Fluoride Action Network

Refinery agrees to phase out use of lung-searing chemical

Source: The Associated Press | February 10th, 2003
Industry type: Oil Refineries

WILMINGTON, California — A 16-year effort to ban the use of a potentially deadly chemical at a local refinery ended this month when refinery officials agreed to switch to a less-toxic substance.

Neighbors had lobbied to halt use of the lung-searing chemical hydrogen fluoride at the Ultramar refinery, fearing an accidental release could result in a deadly cloud similar to one that killed thousands of people and injured thousands more in Bhopal, India, in 1984.

The refinery will phase out the use of hydrogen fluoride by 2005 under an agreement approved Friday by the South Coast Air Quality Management District. Refinery officials plan to spend $30 million to revamp the Wilmington refinery to use a modified and less toxic form of the chemical.

The 16-year effort to ban the toxic chemical was slowed because hydrogen fluoride is not regulated in the same way as smog pollutants.
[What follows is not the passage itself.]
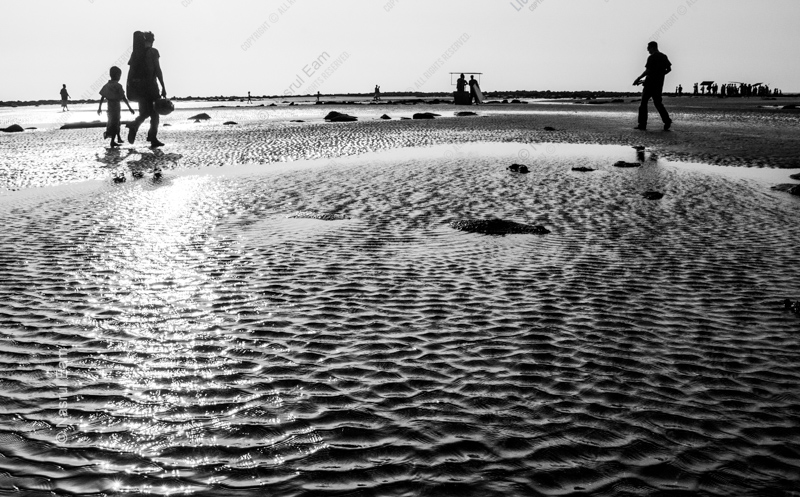 Low Tide Pilgrims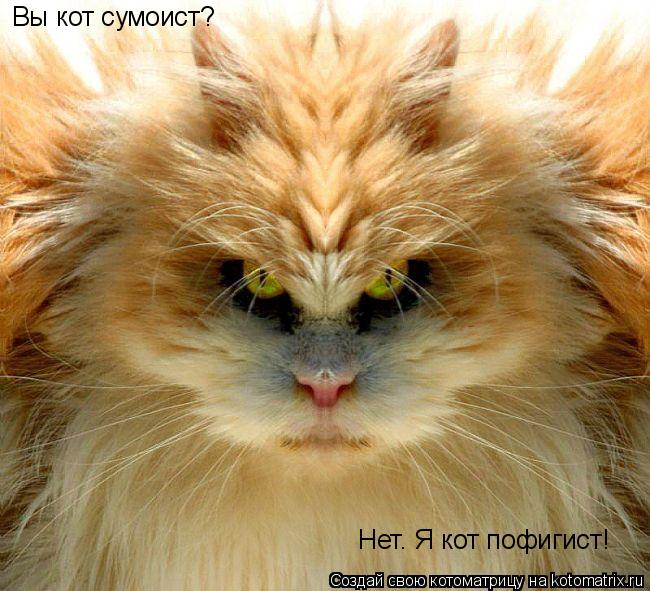 Вы кот сумоист? Нет. Я кот пофигист!... Котоматрица: Вы кот сумоист? Нет. Я кот пофигист!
“It isn’t a compound that you can find national standards for,” said Jack Broadbent, director of the air division for the Southwest region of the U.S. Environmental Protection Agency and a former deputy officer of the South Coast air district.
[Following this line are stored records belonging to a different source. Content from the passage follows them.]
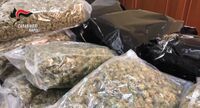 Napoli - Droga dalla Spagna per le piazze italiane: arresti e sequestro di 100 kg di stupefacenti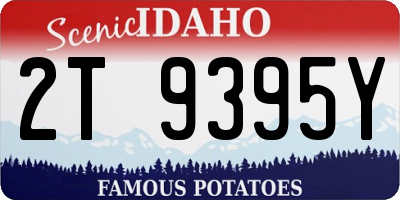 ID license plate 2T9395Y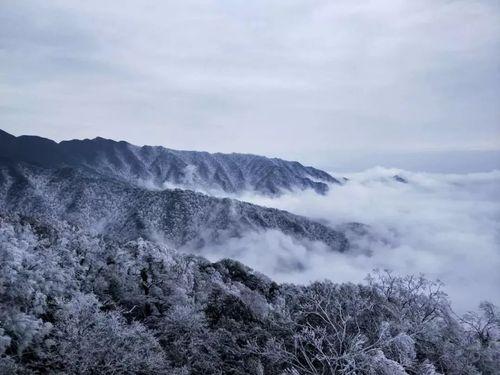 雪人股份目標(biāo)價(jià)2024年，深度分析與展望，雪人股份2024年目標(biāo)價(jià)深度分析與展望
In the absence of regulations, the phase-out agreement came about as the result of pressure from neighbors and the air district, a change in refinery ownership and concerns about chemical plant safety following the Sept. 11 terrorist attacks, Broadbent said.

Over the years, the effort was slowed by legal battles, and even a clerical error in 1991 that scuttled a proposed ban. A judge overturned a ban on the chemical after a photocopying error resulted in five missing pages in an environmental document.
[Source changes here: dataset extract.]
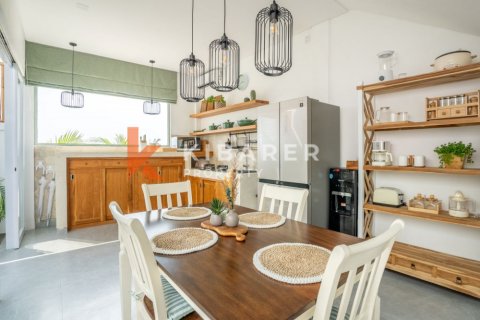 2 bedrooms Villa in Munggu, Mengwi, Badung, Indonesia No. 11944 4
Wilmington residents had lobbied hard for a ban in recent months, aided by Communities for a Better Environment, an environmental group that targets toxic issues.

Carol Piseno, who has an 11-year-old son, was one of many neighbors speaking out against the use of the chemical.

“That gas they were using could leak out. I didn’t want my son to get sick,” she said.

Piseno credits the efforts of neighbors for the new agreement.